(Problem): Among the entries below, find the line with "Improved cheongsam sleeveless" and the line with "Zeus Silestone Top". Return exactly those lines and every line between them, but no pictures.

(Supplied records):
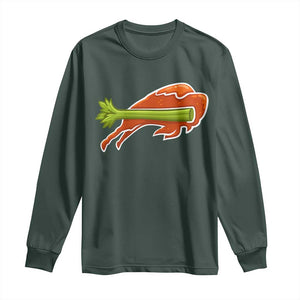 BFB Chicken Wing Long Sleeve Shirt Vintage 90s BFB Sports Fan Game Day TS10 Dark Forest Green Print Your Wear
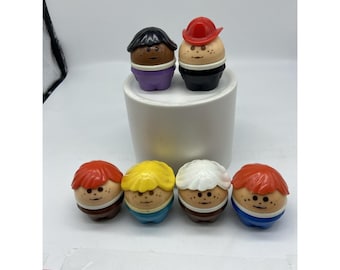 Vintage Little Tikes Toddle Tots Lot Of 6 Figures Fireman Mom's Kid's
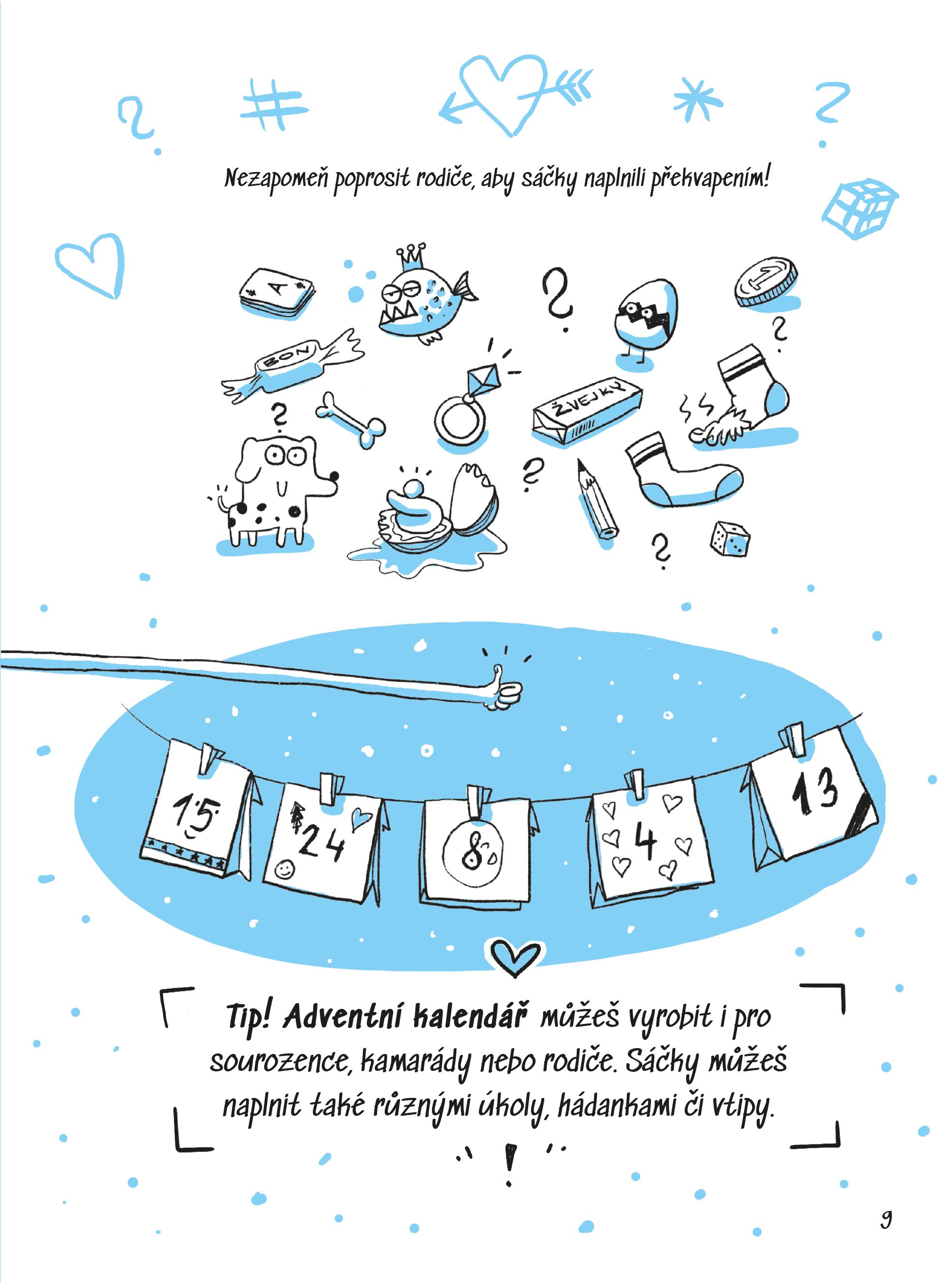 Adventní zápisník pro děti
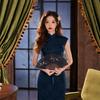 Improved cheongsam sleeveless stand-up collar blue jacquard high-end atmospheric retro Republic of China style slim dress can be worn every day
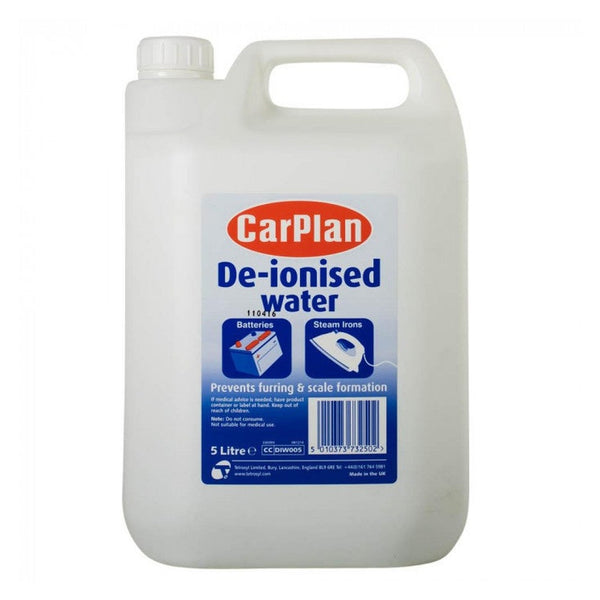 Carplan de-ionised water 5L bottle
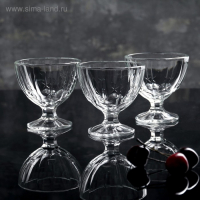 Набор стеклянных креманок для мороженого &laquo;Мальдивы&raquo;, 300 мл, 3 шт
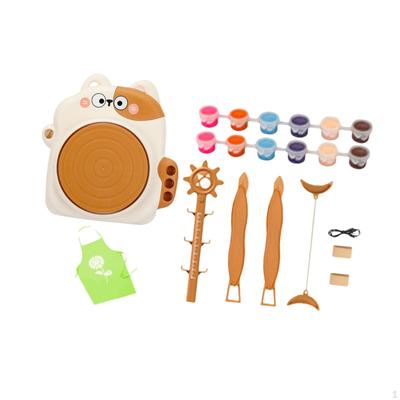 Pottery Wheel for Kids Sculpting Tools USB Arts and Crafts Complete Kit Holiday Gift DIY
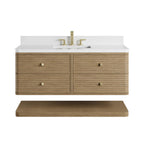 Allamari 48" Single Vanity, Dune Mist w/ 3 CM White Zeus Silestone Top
...
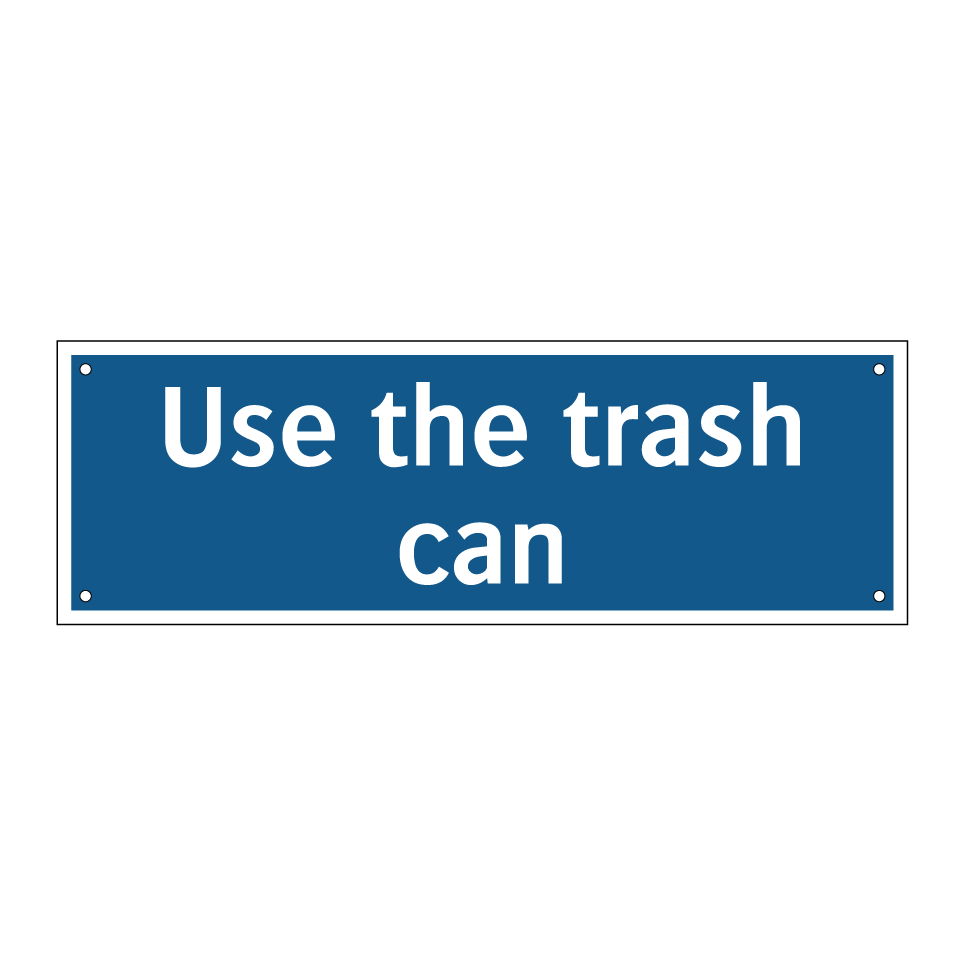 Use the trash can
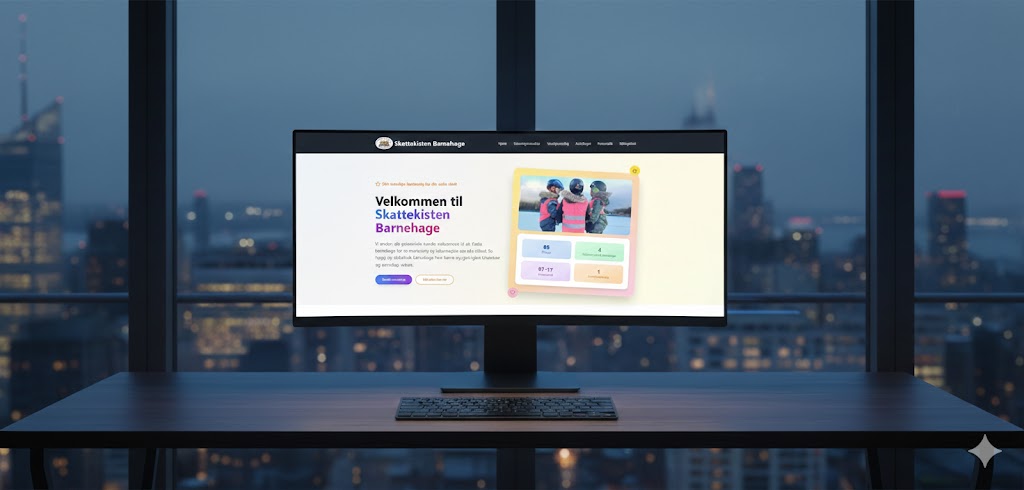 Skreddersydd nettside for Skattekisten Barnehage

(Worked solution):
 Improved cheongsam sleeveless stand-up collar blue jacquard high-end atmospheric retro Republic of China style slim dress can be worn every day
 Carplan de-ionised water 5L bottle
 Набор стеклянных креманок для мороженого &laquo;Мальдивы&raquo;, 300 мл, 3 шт
 Pottery Wheel for Kids Sculpting Tools USB Arts and Crafts Complete Kit Holiday Gift DIY
 Allamari 48" Single Vanity, Dune Mist w/ 3 CM White Zeus Silestone Top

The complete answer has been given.